W niedzielę 6 września kazimierzacy uznali, że mają ważniejsze sprawy niż referendum. Na przykład zwykły odpoczynek po całym tygodniu pracy. Do urn w całej gminie poszło tylko 5,47 % uprawnionych. Podobnie potraktowali sprawę odpoczywający w Kazimierzu turyści. Tylko 11 osób głosowało na podstawie zaświadczenia.

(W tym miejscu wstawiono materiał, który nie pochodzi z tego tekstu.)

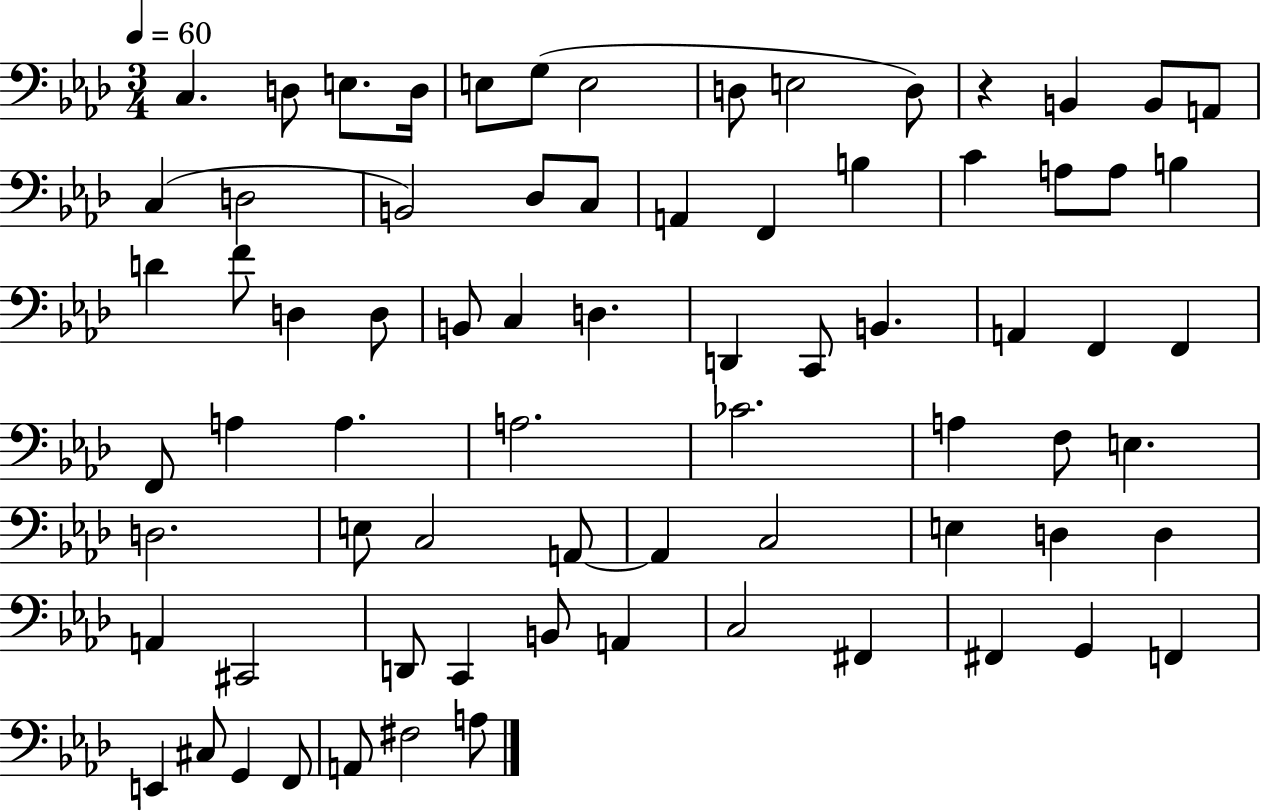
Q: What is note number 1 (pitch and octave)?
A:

W tym podejściu do referendum Kazimierz nie był niestety odosobniony. Frekwencja wyborcza w całej Polsce nie przekroczyła nawet 10 % i wyniosła jedynie 7,8%. W związku z tym Państwowa Komisja Wyborcza uznała wynik referendum jako niewiążący.

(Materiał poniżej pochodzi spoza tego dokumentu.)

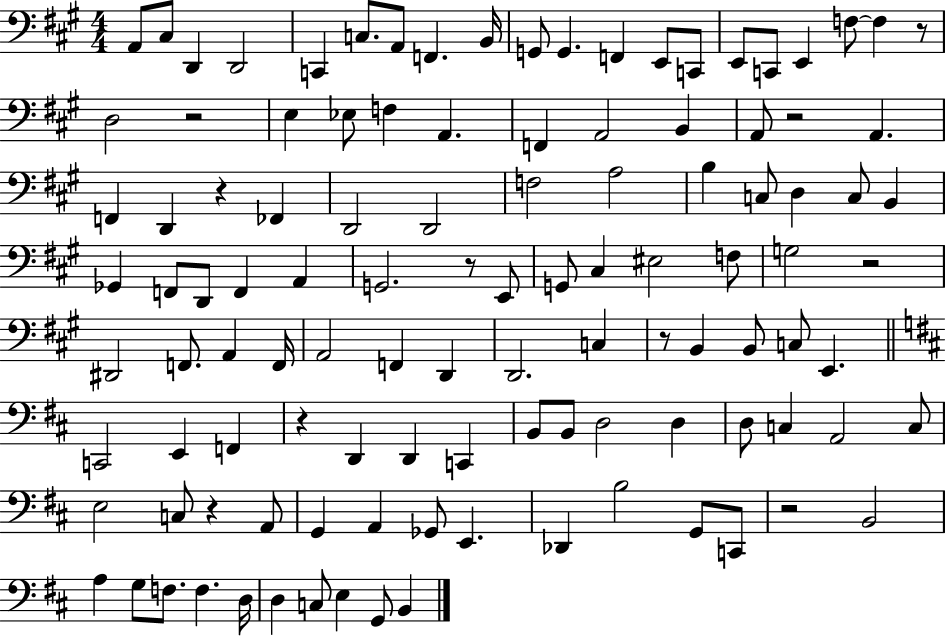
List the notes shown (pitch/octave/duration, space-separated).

A2/e C#3/e D2/q D2/h C2/q C3/e. A2/e F2/q. B2/s G2/e G2/q. F2/q E2/e C2/e E2/e C2/e E2/q F3/e F3/q R/e D3/h R/h E3/q Eb3/e F3/q A2/q. F2/q A2/h B2/q A2/e R/h A2/q. F2/q D2/q R/q FES2/q D2/h D2/h F3/h A3/h B3/q C3/e D3/q C3/e B2/q Gb2/q F2/e D2/e F2/q A2/q G2/h. R/e E2/e G2/e C#3/q EIS3/h F3/e G3/h R/h D#2/h F2/e. A2/q F2/s A2/h F2/q D2/q D2/h. C3/q R/e B2/q B2/e C3/e E2/q. C2/h E2/q F2/q R/q D2/q D2/q C2/q B2/e B2/e D3/h D3/q D3/e C3/q A2/h C3/e E3/h C3/e R/q A2/e G2/q A2/q Gb2/e E2/q. Db2/q B3/h G2/e C2/e R/h B2/h A3/q G3/e F3/e. F3/q. D3/s D3/q C3/e E3/q G2/e B2/q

Ci, którzy w Kazimierzu głosowali, opowiadali się za wprowadzeniem jednomandatowych okręgów wyborczych (80,66%) oraz obowiązywaniem zasady rozstrzygania wątpliwości podatkowych na korzyść podatnika (94,70%). Natomiast głosowali przeciw dalszemu finansowaniu partii z budżetu państwa (81,61%). Podobnie głosowano w całej Polsce, oddając w tych sprawach odpowiednio 78,75%, 94,51% i 82,63% głosów.